◆ TASK GOAL ◆
Nothing in the listing should be altered when it is copied, and no picture goes into the copy.

◆ SUPPLIED MATERIAL ◆
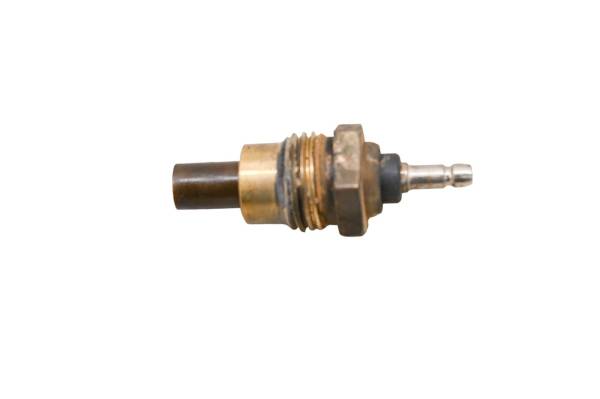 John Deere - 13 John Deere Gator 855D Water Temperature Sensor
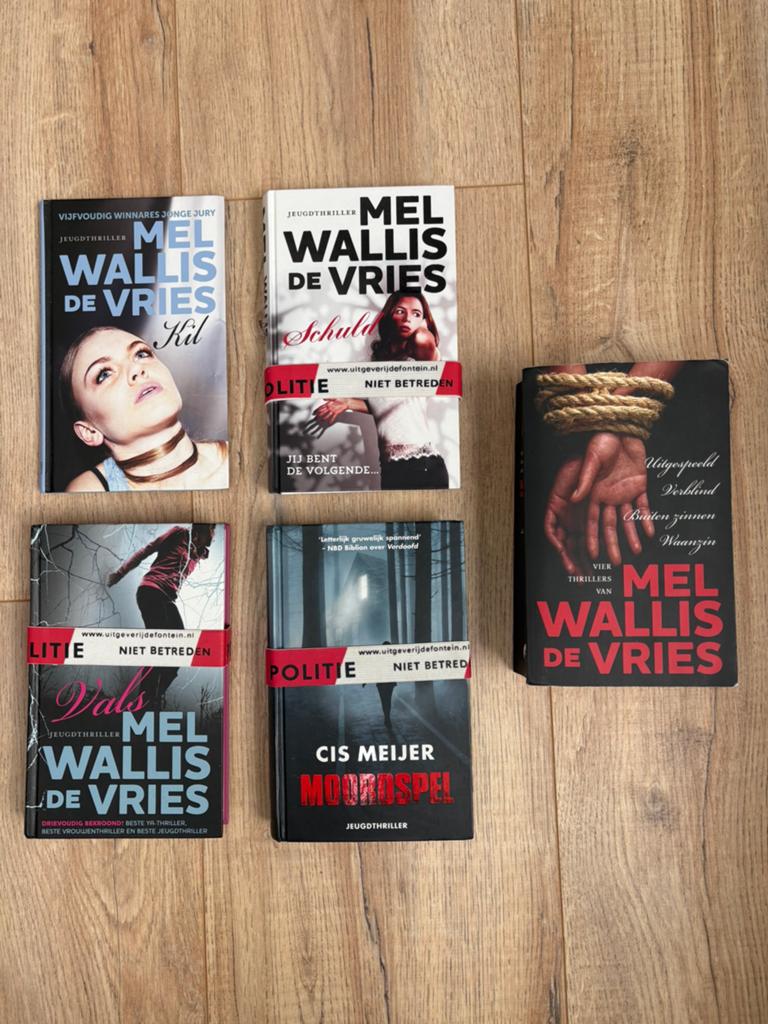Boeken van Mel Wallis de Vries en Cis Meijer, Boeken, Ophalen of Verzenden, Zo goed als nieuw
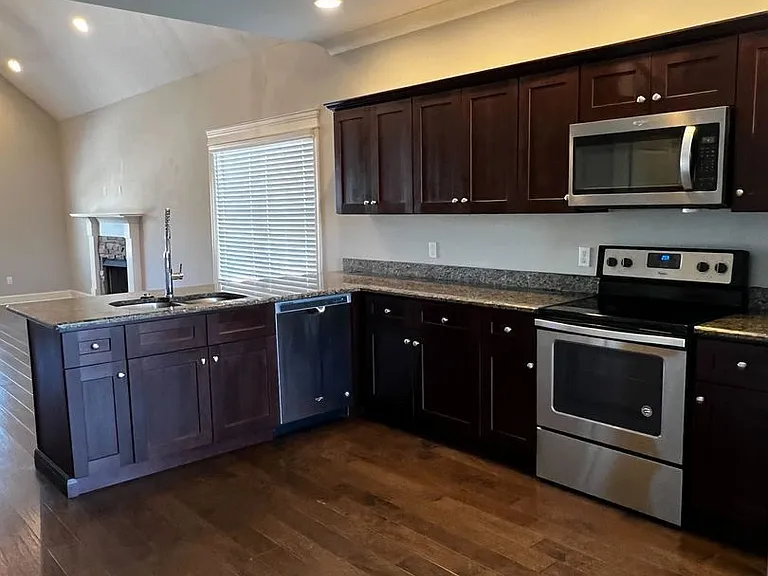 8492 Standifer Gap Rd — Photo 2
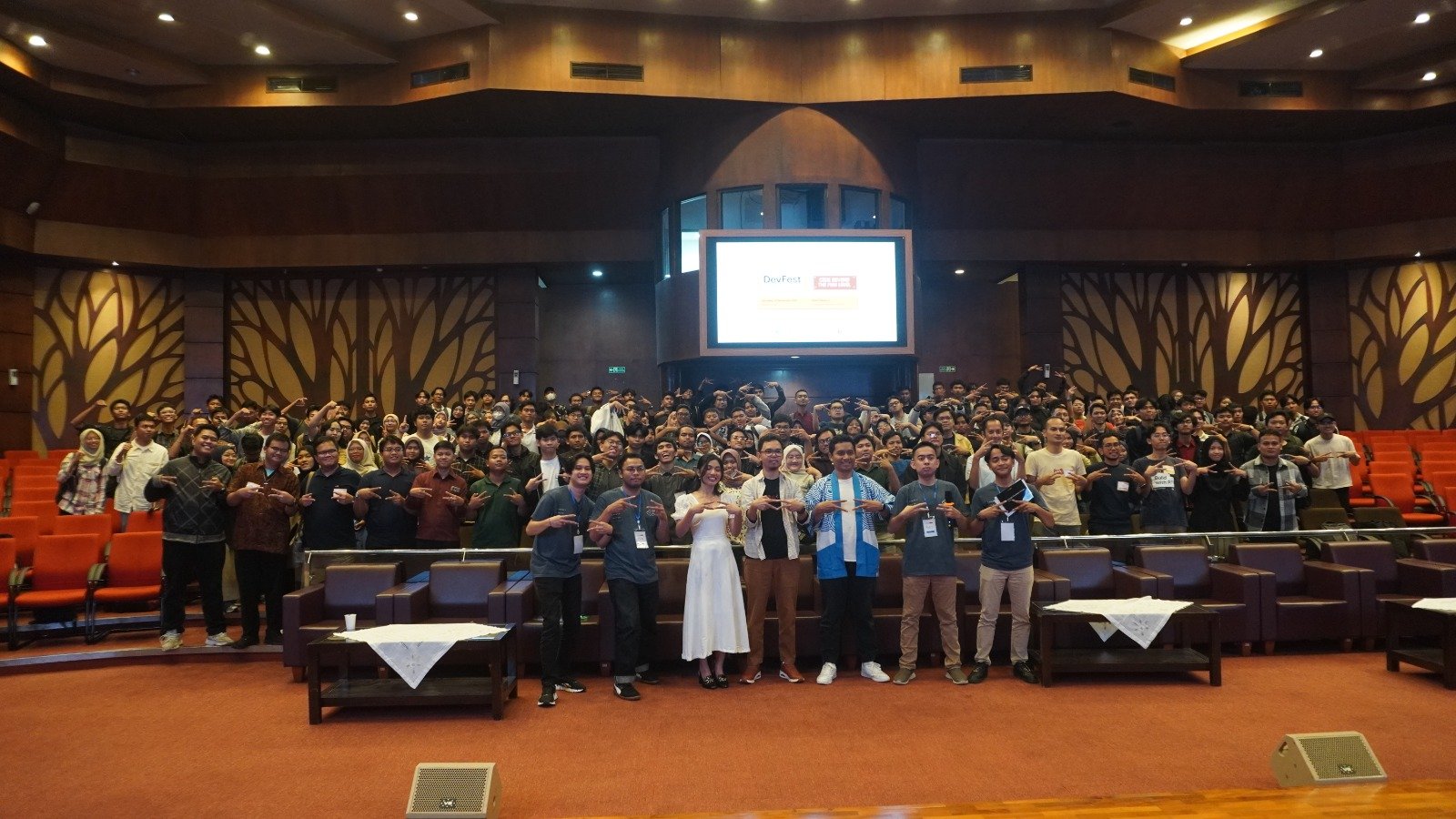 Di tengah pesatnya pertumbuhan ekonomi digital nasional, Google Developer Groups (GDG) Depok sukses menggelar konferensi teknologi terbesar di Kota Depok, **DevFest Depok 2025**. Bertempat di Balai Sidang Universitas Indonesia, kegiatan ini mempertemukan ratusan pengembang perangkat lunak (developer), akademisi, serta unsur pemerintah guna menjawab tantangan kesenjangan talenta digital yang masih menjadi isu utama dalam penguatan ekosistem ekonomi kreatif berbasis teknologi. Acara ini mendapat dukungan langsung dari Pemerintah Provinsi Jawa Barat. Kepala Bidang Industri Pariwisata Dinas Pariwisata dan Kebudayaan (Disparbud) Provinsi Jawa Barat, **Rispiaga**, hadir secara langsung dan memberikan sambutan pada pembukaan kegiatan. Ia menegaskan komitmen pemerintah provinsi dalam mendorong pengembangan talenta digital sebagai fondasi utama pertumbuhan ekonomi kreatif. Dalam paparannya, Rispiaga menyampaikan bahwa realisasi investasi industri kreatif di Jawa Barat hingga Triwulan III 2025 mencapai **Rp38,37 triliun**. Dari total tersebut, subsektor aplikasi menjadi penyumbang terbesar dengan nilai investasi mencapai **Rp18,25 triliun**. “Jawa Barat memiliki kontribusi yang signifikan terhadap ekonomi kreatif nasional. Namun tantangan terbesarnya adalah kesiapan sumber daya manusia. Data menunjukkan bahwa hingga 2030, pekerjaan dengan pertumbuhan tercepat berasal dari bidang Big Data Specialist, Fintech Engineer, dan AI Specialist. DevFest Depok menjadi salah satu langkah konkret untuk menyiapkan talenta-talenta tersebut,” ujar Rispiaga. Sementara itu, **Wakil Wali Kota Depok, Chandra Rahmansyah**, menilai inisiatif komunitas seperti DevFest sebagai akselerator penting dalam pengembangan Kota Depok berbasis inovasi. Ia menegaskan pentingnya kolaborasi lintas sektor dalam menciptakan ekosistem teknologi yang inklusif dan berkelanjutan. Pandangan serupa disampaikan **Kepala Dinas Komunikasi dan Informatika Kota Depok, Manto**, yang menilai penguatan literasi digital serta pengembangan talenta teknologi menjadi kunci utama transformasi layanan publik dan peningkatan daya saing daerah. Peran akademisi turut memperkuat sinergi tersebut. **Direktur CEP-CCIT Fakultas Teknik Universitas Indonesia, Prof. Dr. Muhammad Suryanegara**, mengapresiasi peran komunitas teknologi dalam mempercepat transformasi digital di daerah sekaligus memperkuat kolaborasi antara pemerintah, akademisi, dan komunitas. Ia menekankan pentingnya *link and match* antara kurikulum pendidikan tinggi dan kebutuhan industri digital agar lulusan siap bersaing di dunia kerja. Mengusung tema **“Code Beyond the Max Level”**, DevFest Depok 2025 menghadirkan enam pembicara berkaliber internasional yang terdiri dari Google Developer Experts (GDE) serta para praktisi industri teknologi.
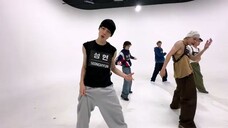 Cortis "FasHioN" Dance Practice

◆ EXPECTED ANSWER ◆
 John Deere - 13 John Deere Gator 855D Water Temperature Sensor
Boeken van Mel Wallis de Vries en Cis Meijer, Boeken, Ophalen of Verzenden, Zo goed als nieuw
 8492 Standifer Gap Rd — Photo 2
 Di tengah pesatnya pertumbuhan ekonomi digital nasional, Google Developer Groups (GDG) Depok sukses menggelar konferensi teknologi terbesar di Kota Depok, **DevFest Depok 2025**. Bertempat di Balai Sidang Universitas Indonesia, kegiatan ini mempertemukan ratusan pengembang perangkat lunak (developer), akademisi, serta unsur pemerintah guna menjawab tantangan kesenjangan talenta digital yang masih menjadi isu utama dalam penguatan ekosistem ekonomi kreatif berbasis teknologi. Acara ini mendapat dukungan langsung dari Pemerintah Provinsi Jawa Barat. Kepala Bidang Industri Pariwisata Dinas Pariwisata dan Kebudayaan (Disparbud) Provinsi Jawa Barat, **Rispiaga**, hadir secara langsung dan memberikan sambutan pada pembukaan kegiatan. Ia menegaskan komitmen pemerintah provinsi dalam mendorong pengembangan talenta digital sebagai fondasi utama pertumbuhan ekonomi kreatif. Dalam paparannya, Rispiaga menyampaikan bahwa realisasi investasi industri kreatif di Jawa Barat hingga Triwulan III 2025 mencapai **Rp38,37 triliun**. Dari total tersebut, subsektor aplikasi menjadi penyumbang terbesar dengan nilai investasi mencapai **Rp18,25 triliun**. “Jawa Barat memiliki kontribusi yang signifikan terhadap ekonomi kreatif nasional. Namun tantangan terbesarnya adalah kesiapan sumber daya manusia. Data menunjukkan bahwa hingga 2030, pekerjaan dengan pertumbuhan tercepat berasal dari bidang Big Data Specialist, Fintech Engineer, dan AI Specialist. DevFest Depok menjadi salah satu langkah konkret untuk menyiapkan talenta-talenta tersebut,” ujar Rispiaga. Sementara itu, **Wakil Wali Kota Depok, Chandra Rahmansyah**, menilai inisiatif komunitas seperti DevFest sebagai akselerator penting dalam pengembangan Kota Depok berbasis inovasi. Ia menegaskan pentingnya kolaborasi lintas sektor dalam menciptakan ekosistem teknologi yang inklusif dan berkelanjutan. Pandangan serupa disampaikan **Kepala Dinas Komunikasi dan Informatika Kota Depok, Manto**, yang menilai penguatan literasi digital serta pengembangan talenta teknologi menjadi kunci utama transformasi layanan publik dan peningkatan daya saing daerah. Peran akademisi turut memperkuat sinergi tersebut. **Direktur CEP-CCIT Fakultas Teknik Universitas Indonesia, Prof. Dr. Muhammad Suryanegara**, mengapresiasi peran komunitas teknologi dalam mempercepat transformasi digital di daerah sekaligus memperkuat kolaborasi antara pemerintah, akademisi, dan komunitas. Ia menekankan pentingnya *link and match* antara kurikulum pendidikan tinggi dan kebutuhan industri digital agar lulusan siap bersaing di dunia kerja. Mengusung tema **“Code Beyond the Max Level”**, DevFest Depok 2025 menghadirkan enam pembicara berkaliber internasional yang terdiri dari Google Developer Experts (GDE) serta para praktisi industri teknologi.
 Cortis "FasHioN" Dance Practice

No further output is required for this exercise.